Designer Hospital Gowns To Go! The Progressive Recovery Collection

When university students go about creating items for their parents or grandparents use, it's good when they don't assume too much.  The University of Cincinnati (UC) industrial design students working with UC's business and research and innovation departments, have researched the design of the dreaded hospital gown from the perspective of patients, caregivers, and business professionals, to come up with appropriate fabrics and fashionable, comfortable designs and some business strategies to market them.

In 2007, UC was selected as an "innovation incubator" by private sector leaders such as Procter & Gamble, General Mills, CitiGroup, AARP, and Hillenbrand Inductries.  UC formed a consortium with the businesses, called the Living Well Consortium. and UC students, particularly those in design, architecture, planning, business, engineering, and medicine, came up with several projects to explore, with these objectives and benefits in mind:

  • To provide greater insights and information regarding the 50+ market.
  • To tap a new source of growth - the 50+ consumer.
  • To respond to the 50+ consumer with new solutions for better lives since the unique needs of this consumer are currently underserved.
  • To build the innovation capabilities of all involved.
  • To stimulate economic development in Ohio and the region.
  • To test a university-business model that may later be expanded.

I like the group that chose to redesign the hospital gowns.

Most of you know the problems with hospital gowns.  They suck.  With, if you're lucky, two sets of strings in the front, or in the back, depending on how you're told to wear them, you always have something showing that even your intimates seldom see. But when one is in the hospital, he or she becomes so de-humanized that complete strangers -- not just everyone from the doctors to the janitors, other patients, and their visitors -- everyone is given opportunity to see these "parts" indiscriminately, because you are "institutionalized."  And that's exactly how you feel, no matter how wonderful the medical care is supposed to be.

UC students designed gowns for the bedridden patient, the recovering patient, and the fully ambulatory patient: the Progressive Recovery Collection.  The gown below is a model for the bedridden patient.



The next gown was designed to be a "reward" for the recovering patient.  It looks very comfy, like something you would wear at home... and that is the marketing idea.  You get to purchase the Recovery Collection and bring it home with you.

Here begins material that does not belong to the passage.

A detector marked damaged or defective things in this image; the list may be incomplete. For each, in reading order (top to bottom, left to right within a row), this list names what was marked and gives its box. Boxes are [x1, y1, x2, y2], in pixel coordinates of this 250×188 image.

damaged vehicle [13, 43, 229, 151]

This neat outfit with cropped pants was designed for the fully ambulatory patients.  Yes, I'd love to wear those -- but can we skip the hospital and just send them to my home?

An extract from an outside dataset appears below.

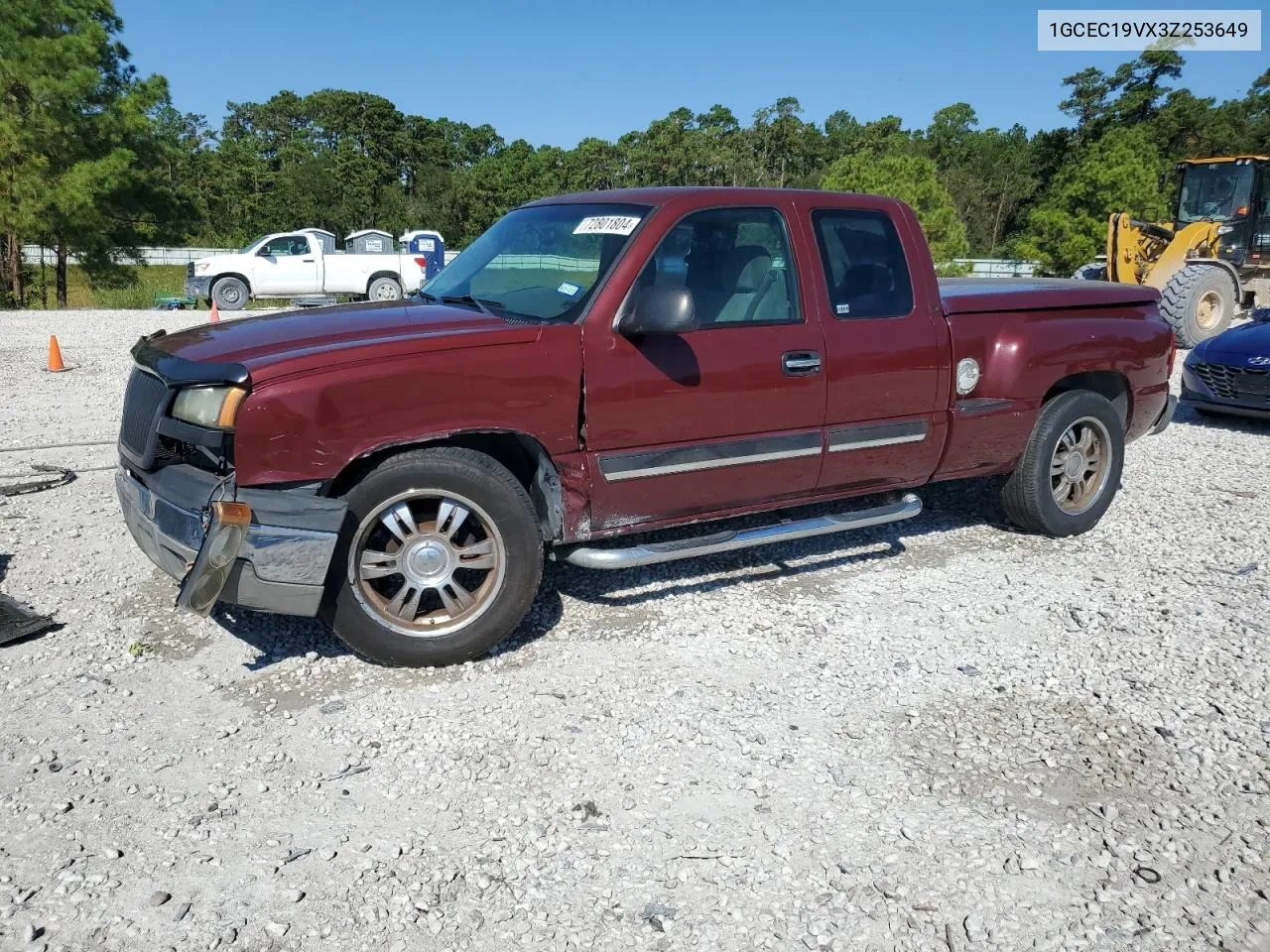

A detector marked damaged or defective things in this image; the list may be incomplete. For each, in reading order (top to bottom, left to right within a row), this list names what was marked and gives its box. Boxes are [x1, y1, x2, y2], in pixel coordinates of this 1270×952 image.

broken headlight lens [170, 388, 246, 431]
damaged front bumper [117, 464, 345, 619]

 And the UC students have even designed accessories for the hospital wear: a scarf with pockets, arm warmers, leg warmers, and a shawl wrap!



The Progressive Recovery Collection will be modelled for the public for the first time in June, 2009.   The team deserves a lot of credit and support for its venture.  I'd prefer to see these gowns on the market than in the hospital, but I'm sure they'll be appreciated by patients in that great institution.

Sources: UC Design Innovation for the 21st Century: New Hope for the Hated Hospital Gown; Top Firms Select UC as 'Innovation Incubator'

Keeping you posted...

May 13, 2009
by Anonymous

Interesting but..

We sell a lot of hospital gowns to well... hospitals and I can tell you there's a reason that there not so great. Price. Most hospitals want something cheap with easy access so they can work on the patient. There is actually a whole list of requirements that have to be met since gowns have to go through so much during their lifetime. Their is already a simple solution to having your butt hanging out thats called an angle back gown. It essentially gives the wearer enough extra material to wrap it around them so they are covered with nothing hanging out. The price difference between an angle back and standard gown is usually less than a quarter but hospitals do not want the extra expense. While these new gowns will have a niche for certain markets I'm just concerned as to how useful hospitals will find them


May 14, 2009
by Anonymous

Cost is Everything

Bob's right; an extra quarter for each gown (and the gowns here would be even more expensive to produce), times thousands of gowns (an ongoing expense for any hospital), means no hospital purchasing agent will stick their neck out to spend the extra money for ANY reason.

There's no lack of innovation in the industry, just a lack of hospitals willing to spend large sums of money just so their doctors (masks, for example), nurses (scrubs, for example) or patients (gowns) are more comfortable or stylish.

I wonder if that university teachs the economics involved in each subject?